Friday, March 7, 2014

Spring in Winter

We're now at Friday at the end of Kali's spring break week.  (For that matter, it's my spring break week, too, because I'm adjunct faculty at one of the universities in Philadelphia.)  In prior years, Kali and I often traveled during this week, but this year we decided to stay in town because the weather has been so bad and unpredictable that we didn't want to risk losing power (and heat), only to return home to find burst pipes (a very distinct possibility this year).  And, we didn't look forward to flight interruptions because of inclement weather.

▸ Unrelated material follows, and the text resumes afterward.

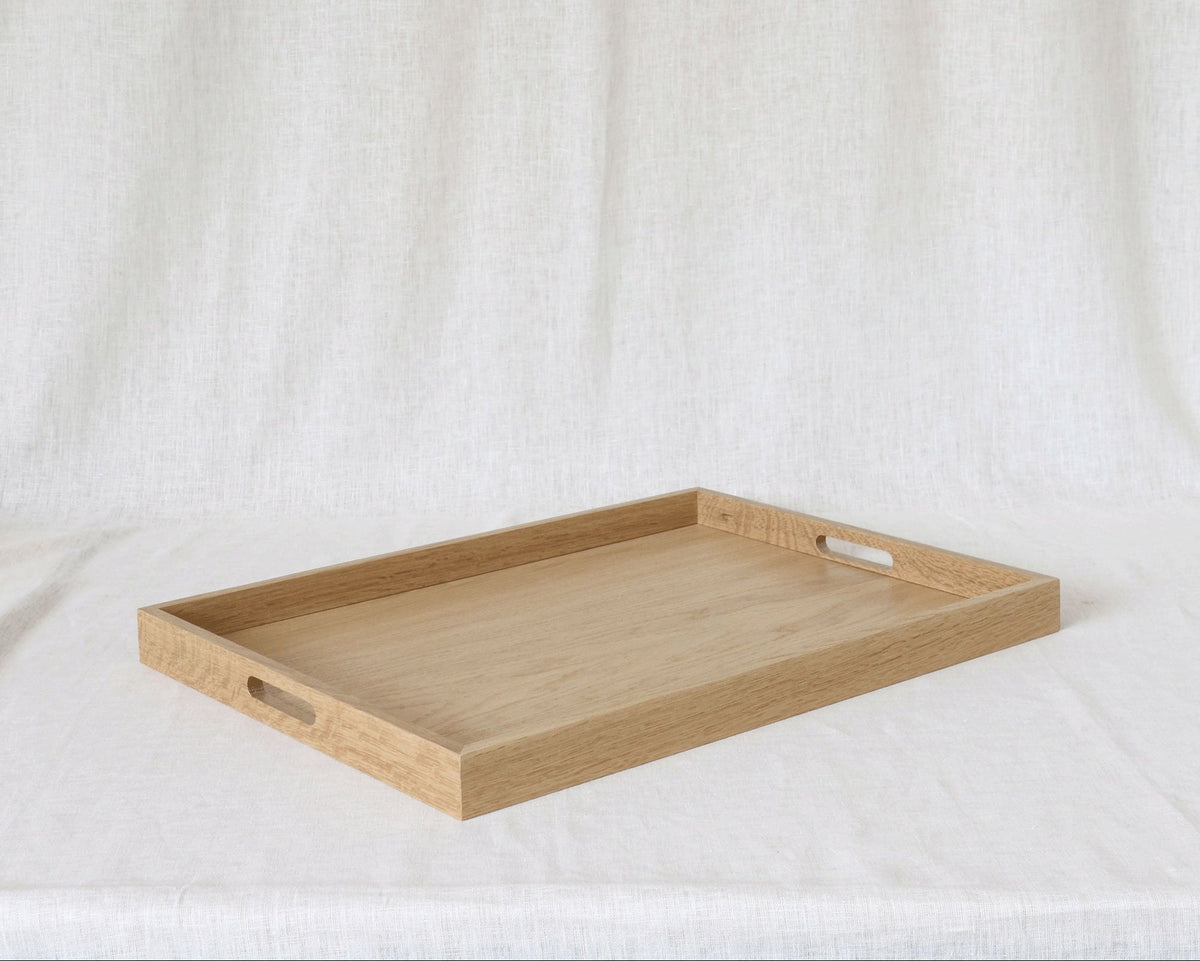 A rectangular light oak wooden serving tray with two cutout handles on the sides, displayed on a draped white fabric background.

Because we stayed in town, we decided to spend Wednesday afternoon and evening at the Philadelphia Flower Show, the largest and oldest flower show in North America.  While we had pretty much made up our minds last weekend to attend the show, the show organizers on Monday made the unprecedented decision to offer a significant reduction in the entrance fee because meteorologists had forecast the worst snowstorm of the season for Sunday night into Monday, a storm which - fortunately - veered to our south and only brought us 1-1/2 inches of snow instead of the forecast 12 inches.  The discount offer, which was good for any day of the show but had to be purchased on Monday, clinched our decision.

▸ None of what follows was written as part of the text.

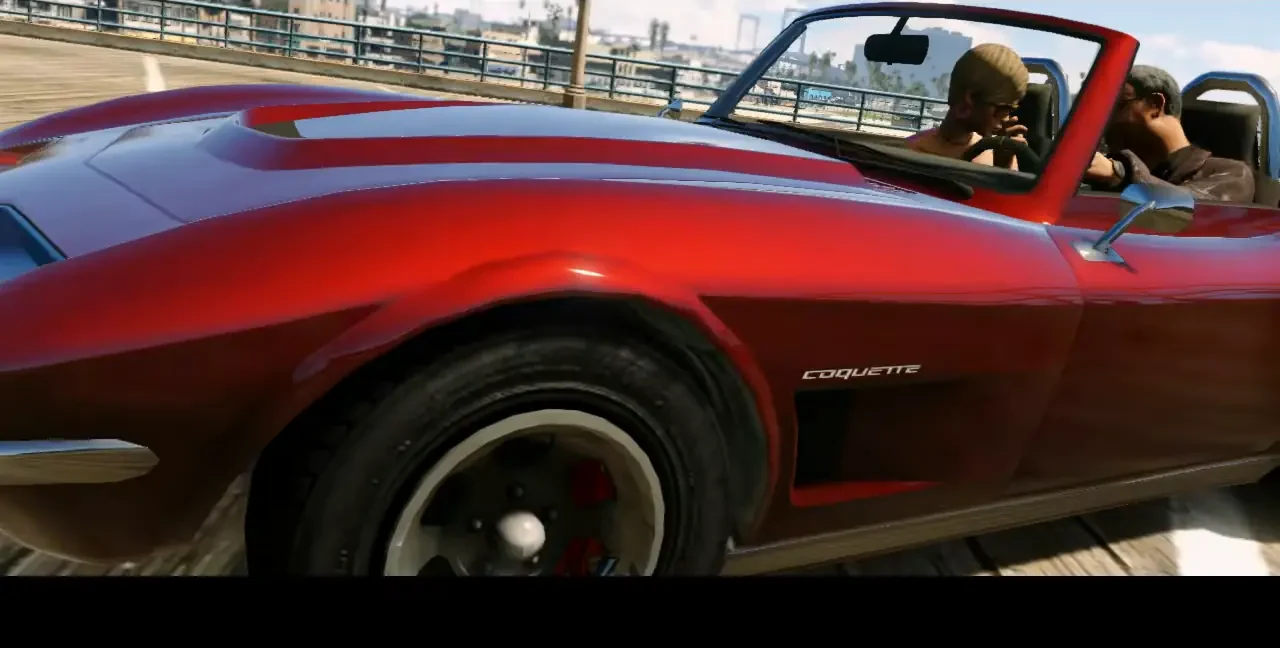 Red Invetero Coquette Classic convertible driving across a bridge, close on the front fender badge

The theme of this year's show was ARTiculture (art + horticulture).  Most years, the displays seem to have only the most tenuous connection to the theme, but this year the designers really took it to heart.  My favorite display is depicted in the image at the top of the post - a backyard garden incorporating sculpture and plant material.  The design is bold and has clean, distinct, uncluttered lines.  Exactly to my taste.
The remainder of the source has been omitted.